The Automatic Shutdown (ASD) relay supplies battery voltage to both the upstream and downstream heated oxygen sensors. The oxygen sensors are equipped with a heating element. The heating elements reduce the time required for the sensors to reach operating temperature. The PCM pulse width modulation the ground side of the heater to regulate the temperature.
Upstream Oxygen Sensor
The input from the upstream heated oxygen sensor tells the PCM the oxygen content of the exhaust gas. Based on this input, the PCM fine tunes the air-fuel ratio by adjusting injector pulse width.
The sensor input switches from 0 to 1 volt, depending upon the oxygen content of the exhaust gas in the exhaust manifold. When a large amount of oxygen is present (caused by a lean air-fuel mixture), the sensor produces voltage as low as 0.1 volt. When there is a lesser amount of oxygen present (rich air fuel mixture) the sensor produces a voltage as high as 1.0 volt. By monitoring the oxygen content and converting it to electrical voltage, the sensor acts as a rich-lean switch.
The heating element in the sensor provides heat to the sensor ceramic element. Heating the sensor allows the system to enter into closed loop operation sooner. Also, it allows the system to remain in closed loop operation during periods of extended idle.
In Closed Loop, the PCM adjusts injector pulse width based on the upstream heated oxygen sensor input along with other inputs. In Open Loop, the PCM adjusts injector pulse width based on preprogrammed (fixed) values and inputs from other sensors.
Downstream Oxygen Sensor
The downstream heated oxygen sensor input is used to detect catalytic convertor deterioration. As the convertor deteriorates, the input from the downstream sensor begins to match the upstream sensor input except for a slight time delay. By comparing the downstream heated oxygen sensor input to the input from the upstream sensor, the PCM calculates catalytic convertor efficiency. Also used to establish the upstream O2 goal voltage (switching point).
THROTTLE BODY
The throttle bodies are located on the intake manifold. Fuel does not enter the intake manifold through the throttle body. Fuel is sprayed into the manifold by the fuel injectors.

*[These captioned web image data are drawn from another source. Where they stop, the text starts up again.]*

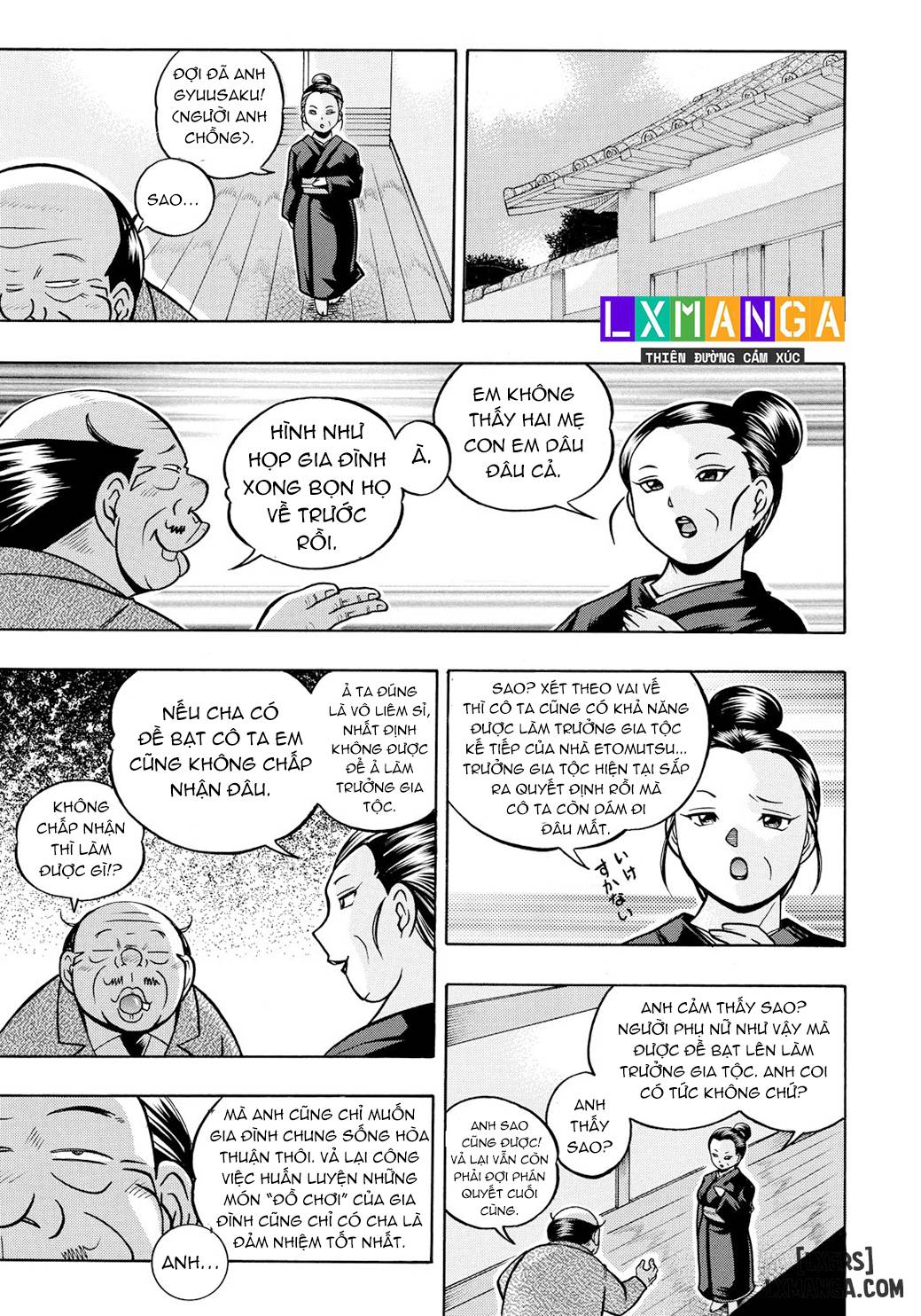 HentaiVN.net - Ảnh 17 - Reijou Maiko ~Kyuuke no Hien - Chap 3.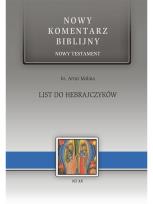 Okładka książki List do Hebrajczyków. NT XV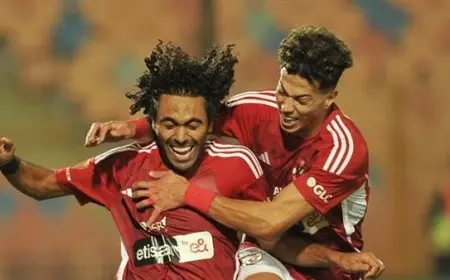 الأهلي ضد الإسماعيلي..حسن الشحات يسجل الهدف الثالث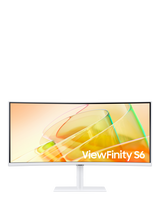 Samsung ViewFinity S65TC LS34C650TAUXXU UWQHD Monitor, 34”, White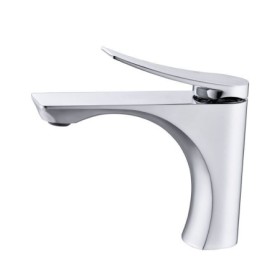 Single Handle Modern Copper Bathroom Sink Faucet Basin Taps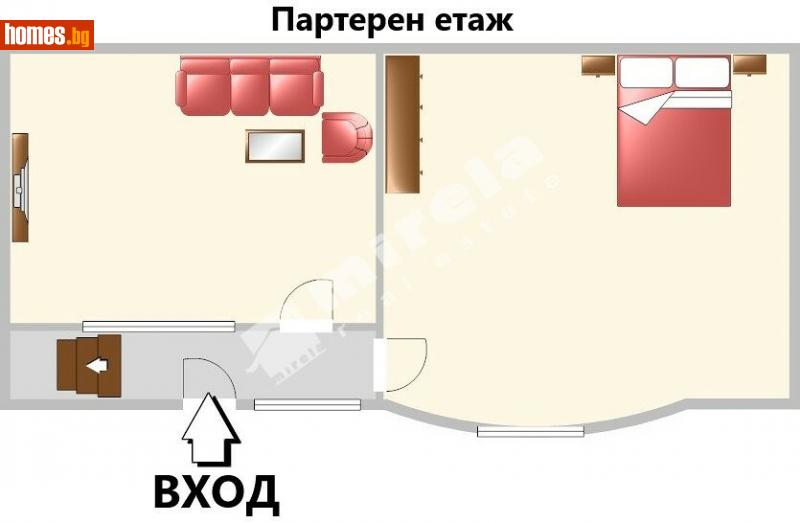 Двустаен, 40m² - Варна, Варна - Апартамент за продажба - МИРЕЛА - 113689283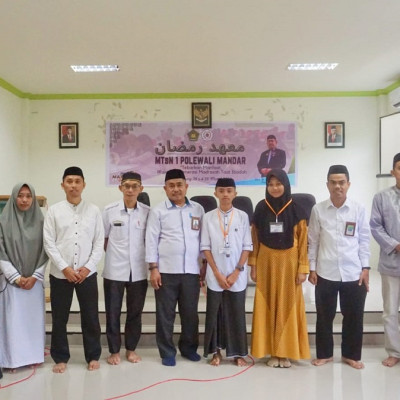 MTsN 1 Polewali Mandar Gelar Ma'had Ramadhan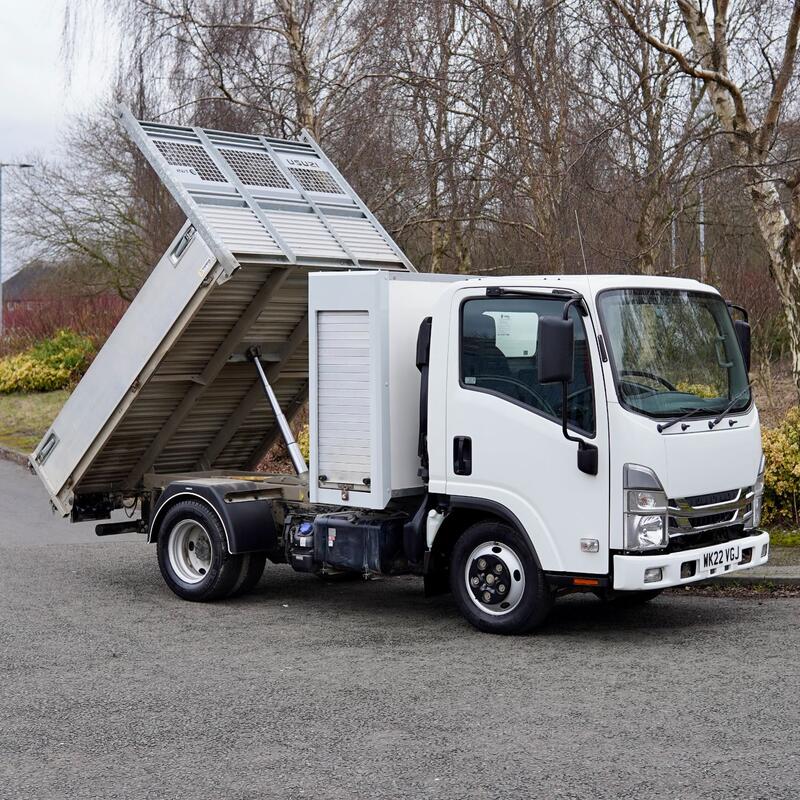 ISUZU GRAFTER 1.9 D N35 Green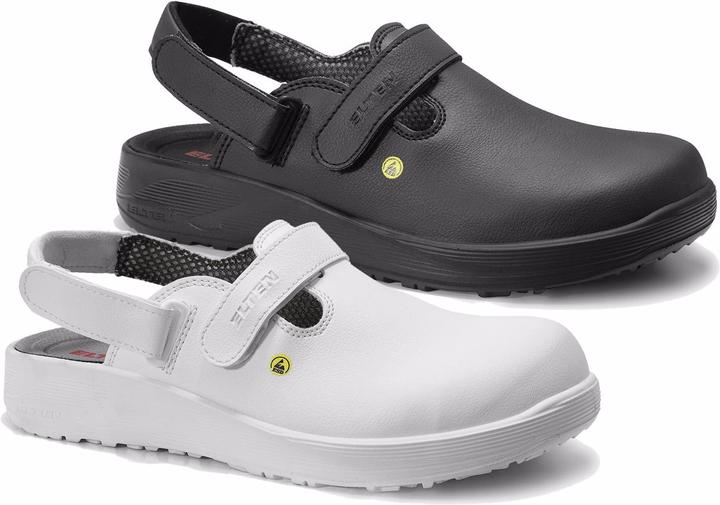Actual product image Elten clogs with steel toe MICHEL (SELF-SERVICE, 45)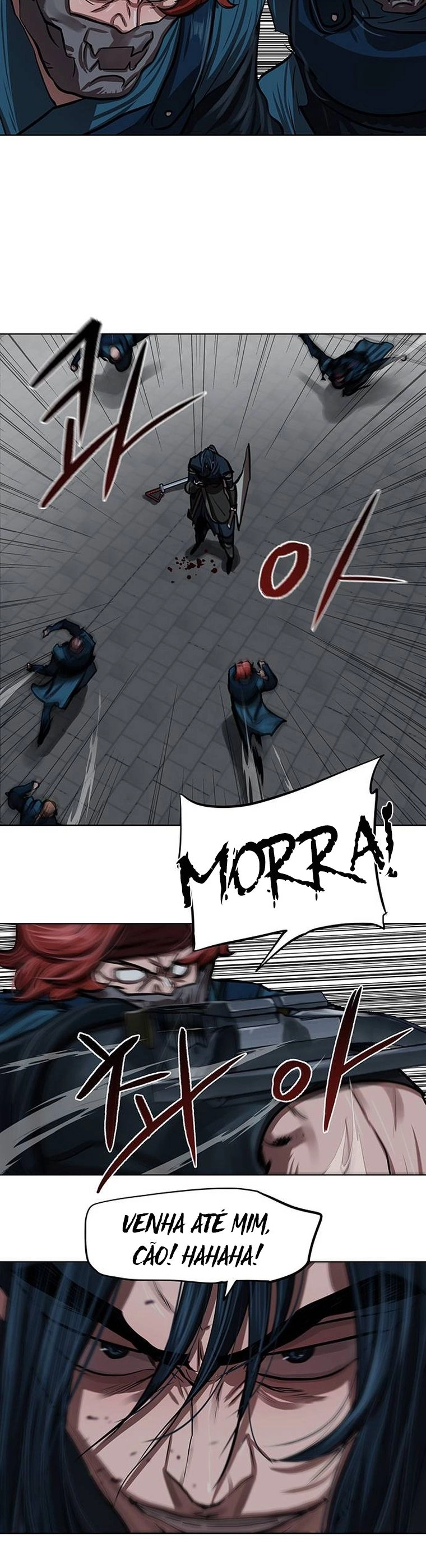 O Guerreiro de Escolta da Família Jang Capitulo 115 Pagina 11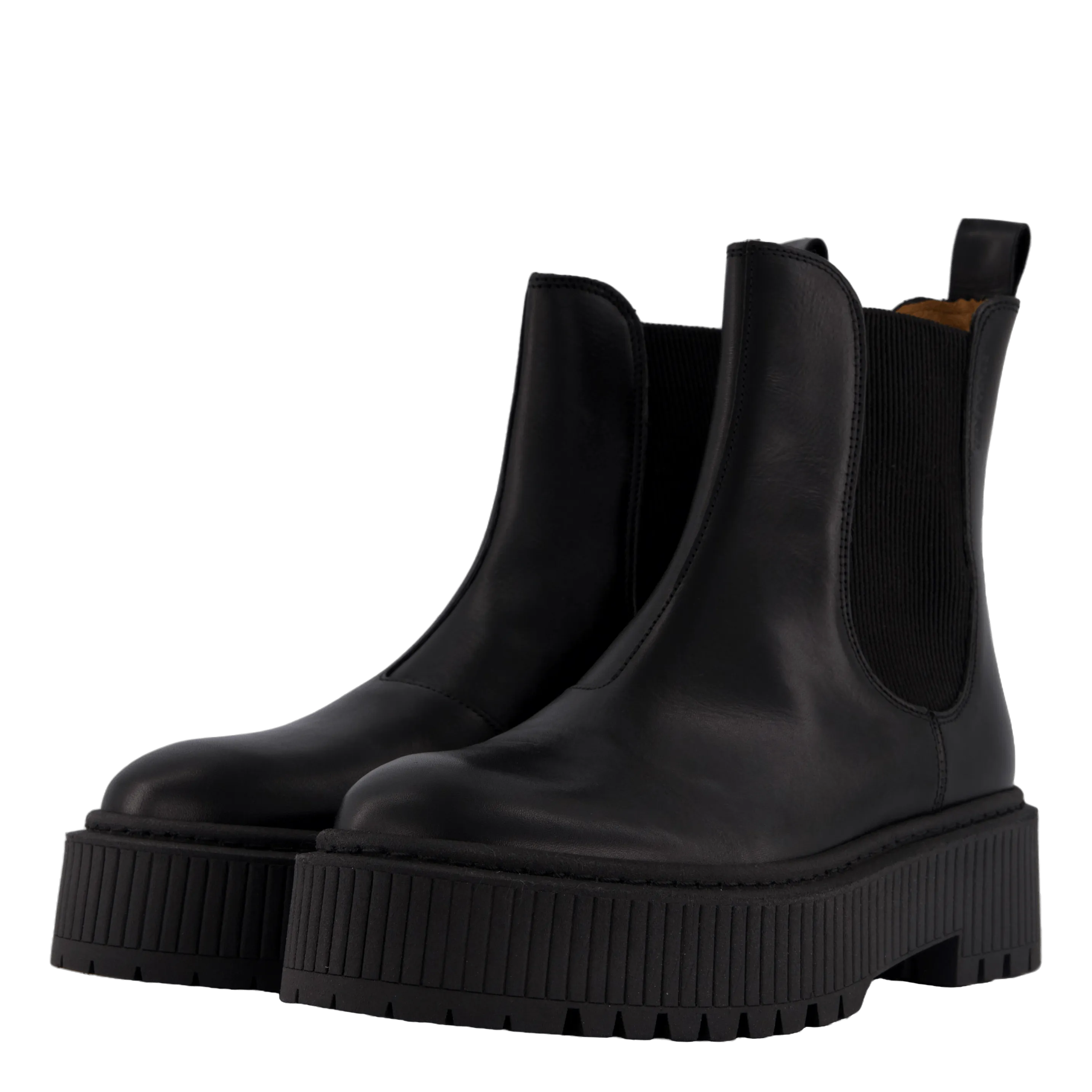 Alina Chelsea Boots Black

Filtered air from the air cleaner enters the intake manifold through the throttle body. The throttle body contains an air control passage controlled by an Idle Air Control (IAC) motor. The air control passage is used to supply air for idle conditions. A throttle valve (plate) is used to supply air for above idle conditions.
Certain sensors are attached to the throttle body. The accelerator pedal cable, speed control cable and transmission control cable (when equipped) are connected to the throttle body linkage arm.
A (factory adjusted) set screw is used to mechanically limit the position of the throttle body throttle plate. Never attempt to adjust the engine idle speed using this screw. All idle speed functions are controlled by the PCM.
Fig.26 Throttle Position Sensor:
THROTTLE POSITION SENSOR
The TPS is mounted on the drivers side throttle body. The sensor connects to the throttle blade shaft. The TPS is a variable resistor that provides the Powertrain Control Module (PCM) with an input signal (voltage).
The fuel injection system uses only one Throttle Position Sensor (TPS). The TPS is a variable resistor that provides the PCM with an input signal (voltage). The signal represents throttle blade position. As the position of the throttle blade changes, the resistance of the TPS changes.
The PCM supplies approximately 5 volts to the TPS. The TPS output voltage (input signal to the PCM) represents throttle blade position. The TPS output voltage to the PCM varies from approximately 0.5 volt at minimum throttle opening (idle) to 3.5 volts at wide open throttle. Along with inputs from other sensors, the PCM uses the TPS input to determine current engine operating conditions. The PCM also adjusts fuel injector pulse width and ignition timing based on these inputs.